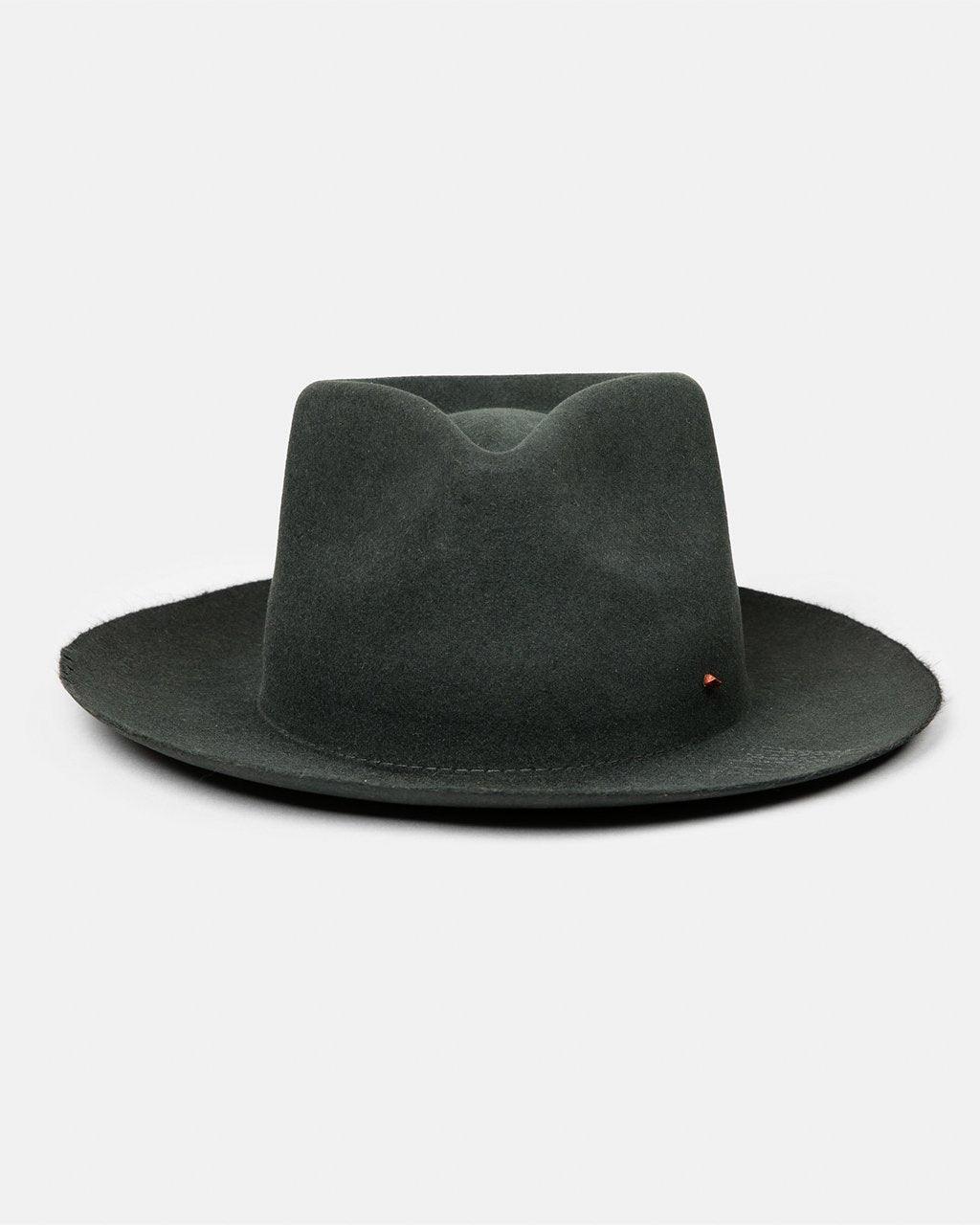 Dark green felt fedora hat with wide brim and pinched crown on plain background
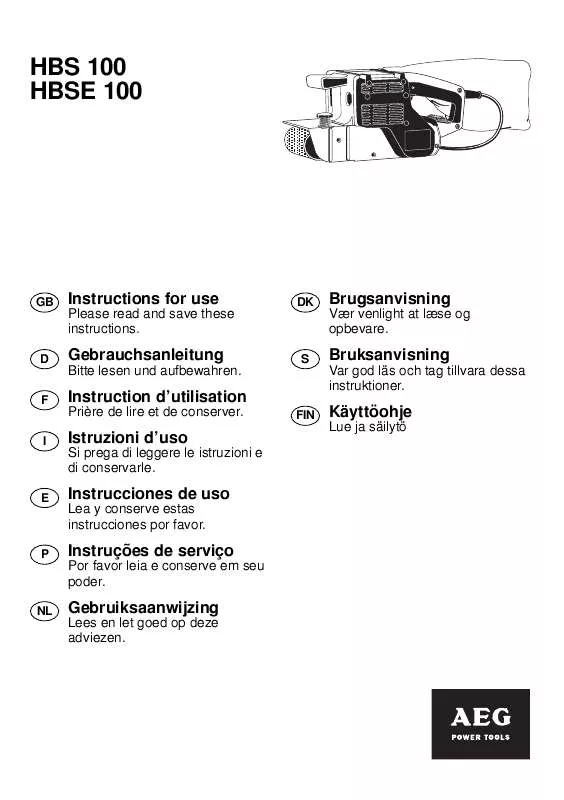 Mode d'emploi AEG-ELECTROLUX HBSE 100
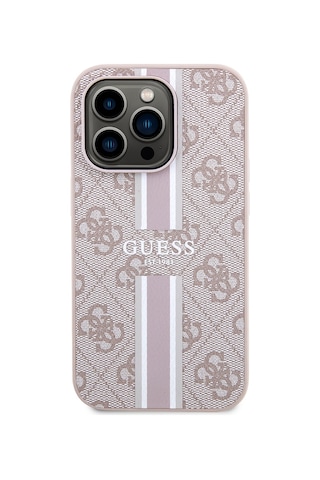 Apple Uyumlu iPhone 14 Pro Max Kılıf Guess Lisanslı Magsafe Şarj Özellikli 4g Şerit Tasarımlı Printed Kapak Pembe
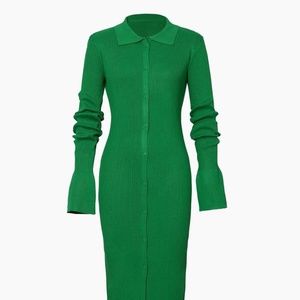 Shell Sleeve Ribbed Buttons Down Maxi Dress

-.-.-

→ ASSIGNED TASK
Give back the whole listing exactly; no pictures.

→ TASK SOLUTION
 Dark green felt fedora hat with wide brim and pinched crown on plain background
 Mode d'emploi AEG-ELECTROLUX HBSE 100
 Apple Uyumlu iPhone 14 Pro Max Kılıf Guess Lisanslı Magsafe Şarj Özellikli 4g Şerit Tasarımlı Printed Kapak Pembe
 Shell Sleeve Ribbed Buttons Down Maxi Dress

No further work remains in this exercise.